As corrected through Wednesday, December 10, 2025


[*1]
(October 2, 2025)

 The People of the State of New York, Respondent,
v
Jessica Hendrie, Appellant.

Erin C. Morigerato, Albany, for appellant.

Andrew J. Wylie, District Attorney, Plattsburgh (Blythe Hicks, admitted pro hac vice, of counsel), for respondent.


HEADNOTES


Crimes - Plea of Guilty - Forfeiture of Right to Raise Issues on Appeal

Reynolds Fitzgerald, J. Appeal from a judgment of the County Court of Clinton County (Keith Bruno, J.), rendered August 2, 2021, convicting defendant upon her plea of guilty of the crime of criminal nuisance in the first degree.

Defendant was indicted and charged with criminal nuisance in the first degree. The charge stemmed from a July 2020 incident wherein defendant allowed her apartment to be maintained as a gathering place for individuals engaged in the unlawful sale of controlled substances. In March 2021, defendant pleaded guilty to the sole count in the indictment with the understanding that, although County Court was making no sentencing commitment, she could be sentenced to a prison term of 11/3 to 4 years. When the parties appeared for sentencing in June 2021, County Court sua sponte adjourned the matter for an additional two months. County Court denied defendant's subsequent request for a further adjournment and thereafter sentenced defendant to six months in jail followed by five years of probation. This appeal ensued.[FN*]

We affirm.
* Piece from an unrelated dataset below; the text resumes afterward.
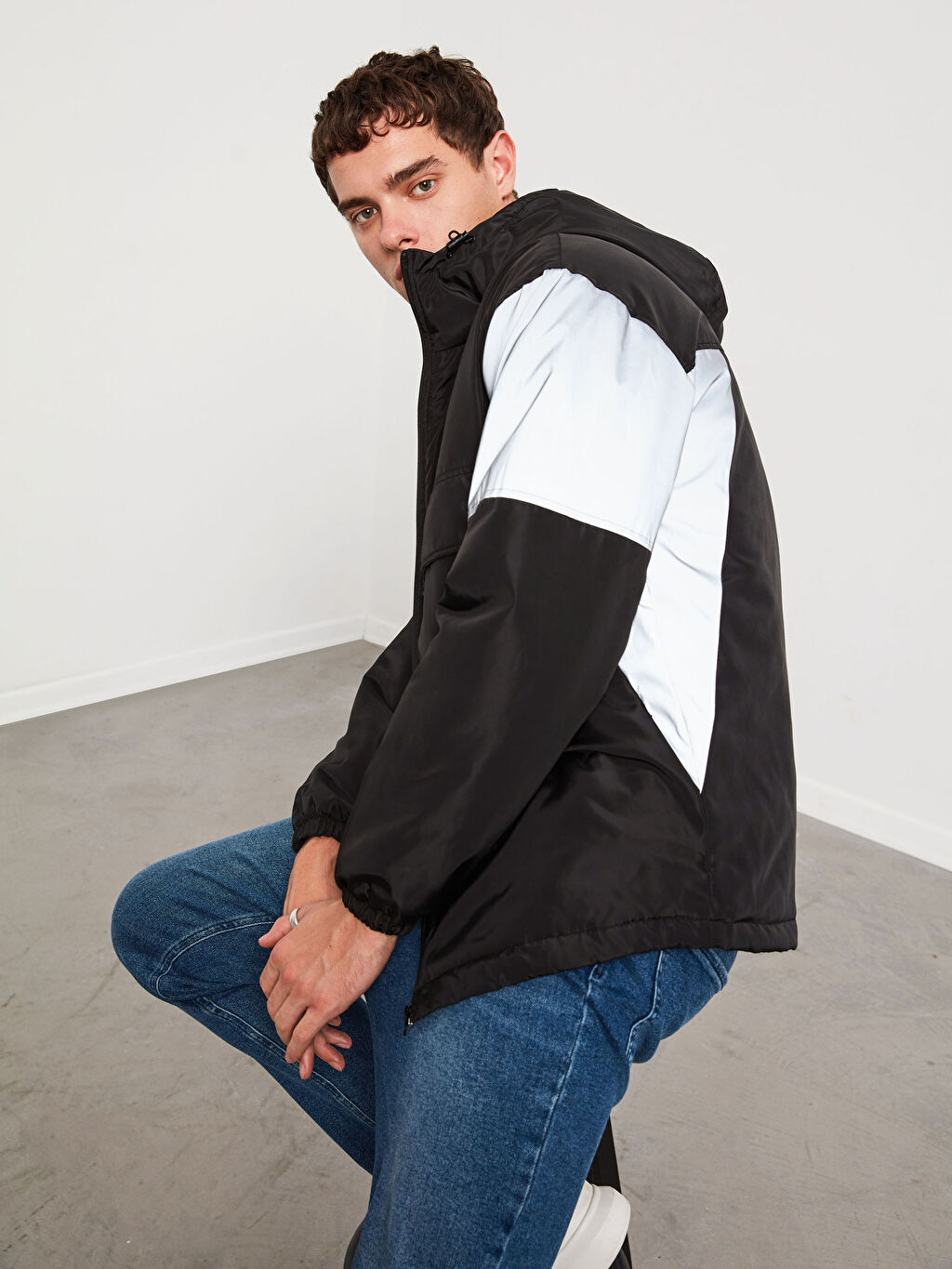 Siyah Xside Kapusonlu Oversize Kalin Mont Lc Waikiki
Defendant's challenge to the voluntariness of her plea, as well her assertion that she was denied the effective assistance of counsel (to the extent that such claim impacts upon the voluntariness of her plea), are unpreserved for our review as defendant did not make an appropriate postallocution motion—despite having ample time to do so prior to sentencing (see People v Leroux, 234 AD3d 1214, 1214-1215 [3d Dept 2025]; People v Werner, 227 AD3d 1273, 1273 [3d Dept 2024]). Further, upon reviewing the record, we are unpersuaded that the narrow exception to the preservation requirement was triggered (see People v Prime, 233 AD3d 1182, 1182-1183 [3d Dept 2024]; People v Mehalick, 226 AD3d 1263, 1264 [3d Dept 2024], lv denied 42 NY3d 928 [2024]). In any event, defendant's claims that County Court's recitation of her Boykin rights was deficient and that she was denied meaningful representation are belied by the record (see e.g. People v Bailey, 224 AD3d 1044, 1045 [3d Dept 2024]; People v Lafond, 189 AD3d 1824, 1826 [3d Dept 2020], lv denied 36 NY3d 1121 [2021]).

As to the sentence imposed, we do not find that the split sentence was unduly harsh or severe (see CPL 470.15 [6] [b]). To the extent that defendant contends that County Court's comments at sentencing and/or rejection of her request for a sentence of straight probation and community service evidenced bias, this argument is unpreserved for our review absent a timely objection (see People v Casey, 214 AD3d 1121, 1123 [3d Dept 2023], lv denied 40 NY3d 927 [2023]) and, in any event, is unpersuasive. Defendant's remaining arguments, to the extent not specifically addressed, have been examined and found to be lacking in merit.

Pritzker, J.P., Lynch, Fisher and Mackey, JJ., concur. Ordered that the judgment is affirmed.

Footnotes


Footnote *:Following her release from jail, defendant was charged with violating the terms and conditions of her probation, and County Court revoked defendant's probation and imposed a term of imprisonment (People v Hendrie, 242 AD3d 1262 [3d Dept 2025] [decided herewith]).